Data Structures using C++ - michaelrbock
http://www-scf.usc.edu/~csci102/slides.html
======
dljsjr
My CS degree was 100% C based; Java shows up in a class about OOP, and our
class on Programming Language theory exposes us to Lisp, Java, and Prolog.
They used to be Java based and chose to switch back to a C based curriculum
around 2007, as well as focusing more heavily on algorithms and data
structures while pushing the more "software engineering" type courses in to
elective and offering Software Engineering as a specialization on a CS degree.

Joel Spolsky wrote a great article[1] in 2005 that basically says using a
massively high level language like Python or Java as the core of a CS
curriculum is damaging because the languages aren't "hard" enough. As
curmudgeonly as it might sound, I'd be inclined to agree. Even though I rarely
write C code anymore (we do everything in Java in our lab), the underlying
understanding of memory management that is acquired from having to learn to
handle it manually has been invaluable to me as a programmer.

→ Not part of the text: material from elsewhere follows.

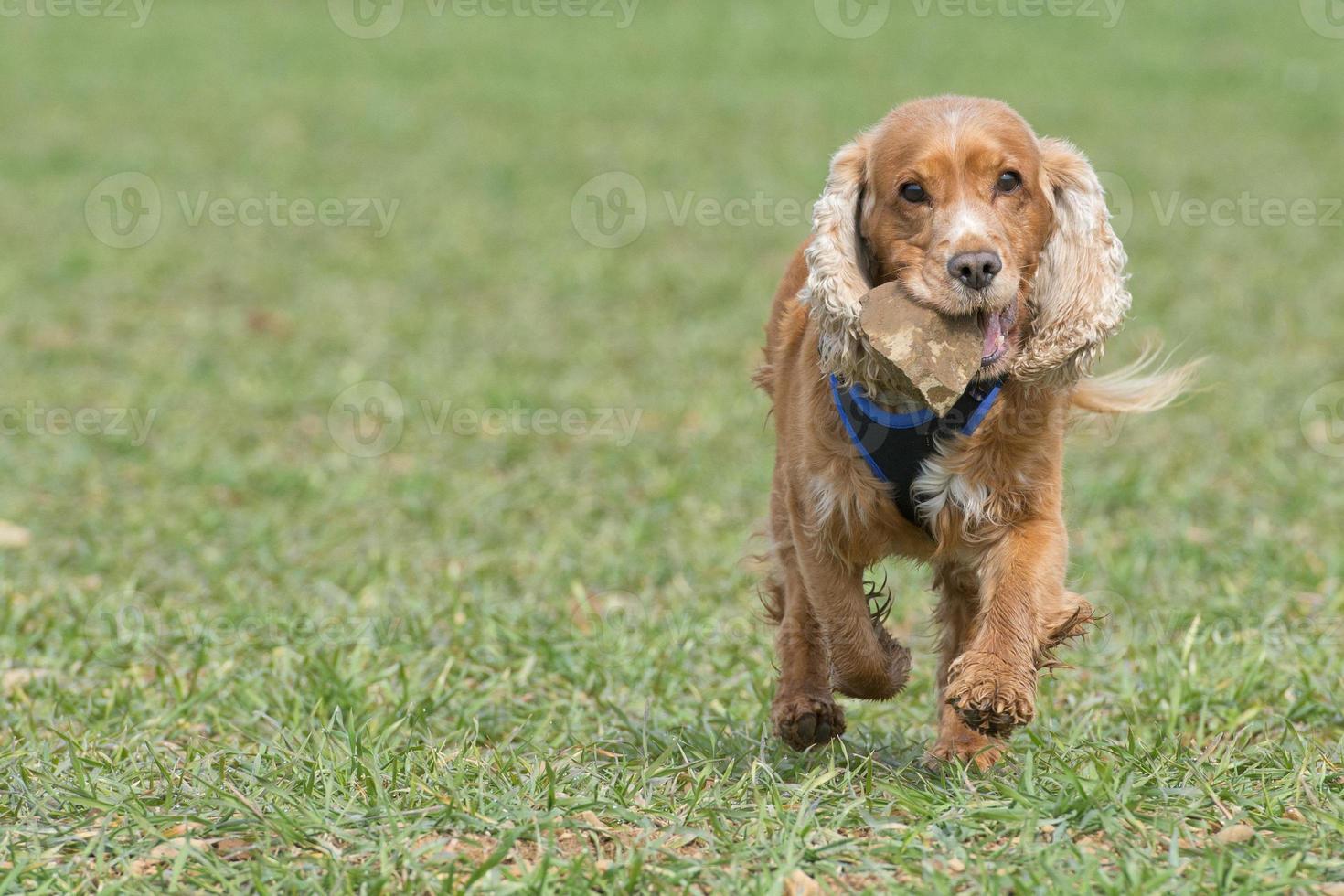 cucciolo di cane cocker spaniel foto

Additionally, C/C++ is the language of UNIX and still the lingua franca of
high-performance. Most high-level languages worth their salt will have a
foreign interface to dynamically load C libraries; we're in robotics and have
to work heavily with ROS/Gazebo as participants in the DARPA Robotics
Challenge, and even outside of this a lot of really great tools for
mathematical optimization and high-performance numerical analysis are all
written in C. I'm one of only two or three people in our lab with the
requisite knowledge to be able to effectively hand-roll JNI wrappers, and I
don't consider this to be a good thing at all.

It's pretty clear to me that C/C++ aren't going anywhere any time soon, and
it's always good to see a CS curriculum that still focuses on C/C++.

1:
[http://www.joelonsoftware.com/articles/ThePerilsofJavaSchool...](http://www.joelonsoftware.com/articles/ThePerilsofJavaSchools.html)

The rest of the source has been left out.